Fast Prototyping of a Racing Diesel Engine Control System 2008-01-2942
This paper shows how Rapid Control Prototyping (RCP) and Computational Fluid Dynamics (CFD) techniques have been applied to design and implement an engine control system for a common rail diesel engine. The project aim is to setup a high performance engine in order to participate to the Italian Tractor Pulling Championship (Prostock category).
The original engine is a John Deere 6081 Tier2 model, already equipped with a common rail system. Engine performance is substantially determined by the control system, which is in charge of limiting engine speed, boost pressure and Air to Fuel Ratio (AFR). Given that typically the information and equipment needed to change control parameters are not accessible to customers, the first step of the project has been to replace the original control system, while maintaining injectors and pumps.

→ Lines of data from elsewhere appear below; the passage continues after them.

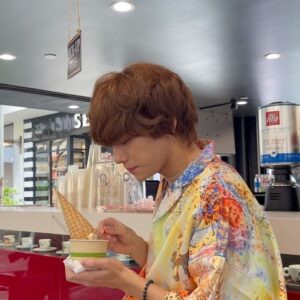 Yamashita Coki Instagram - 突然のJourney in HAWAIIのオフショ🏝️🍍🐾

完成を見させてもろたらかなり良く4月25日まで待てないデフ
また近々行きたいでございますな~☺︎

#祝アイス熱そうに食べる人　
#海割って歩きたい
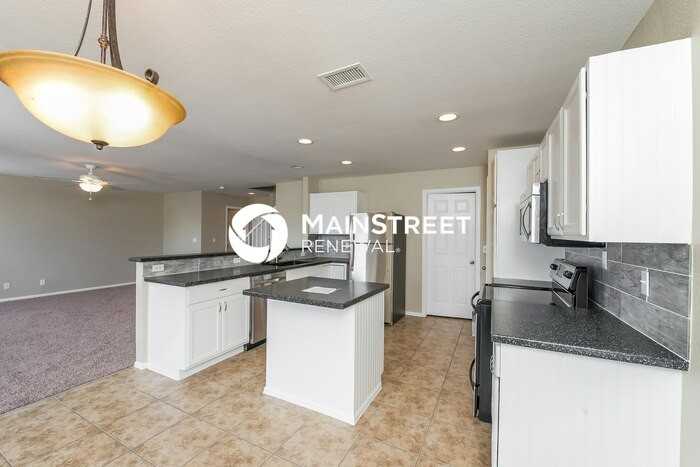 13872 Lilac St - Photo 6 of 15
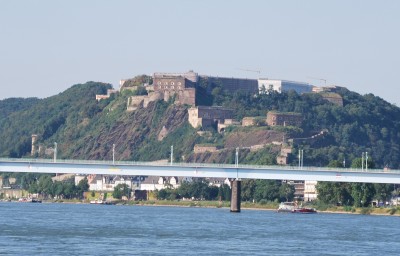 Ehrenbreitstein_vom_Wasser_aus.jpg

This solution can guarantee the best performance, but it requires time to design the new control system, both in terms of hardware and software. The challenge of setting up a new control system in a three months time is even more demanding if the control parameters cannot be tuned on the test bench. As it is well known, a common rail system requires the calibration of many parameters (rail pressure, injection timing and splitting, boost pressure, minimum AFR, etc.). This demands for intensive testing, which is expensive and time-consuming; moreover, tests must be carried out in racing conditions (i.e., high engine speed, high boost pressure, low AFR), affecting engine durability. Cost reduction is a key factor in this type of competition, therefore Computational Fluid Dynamics (CFD) simulations were used to assess a range of control parameters setting that could be used as a decent starting point for a fine optimization on the test bench.
The time constraints oriented the hardware choice toward an RCP (Rapid Control Prototyping) system, programmable by means of object oriented software. Computational power, harsh environment compatibility, availability of third party products (such as power modules for the injectors) were taken into account in order to chose the hardware-software package. The ECU has been finally implemented on a National Instruments cRIO 9074 equipped with a 400 MHz controller, 2 Mgate FPGA and Analog-digital I/O modules.
The control system was designed to guarantee performance, driveability and easy access: it was equipped with an easy-to-use interface, allowing the user to change crucial control parameters, and to manage data logging, that can be used to monitor the engine performance after the race.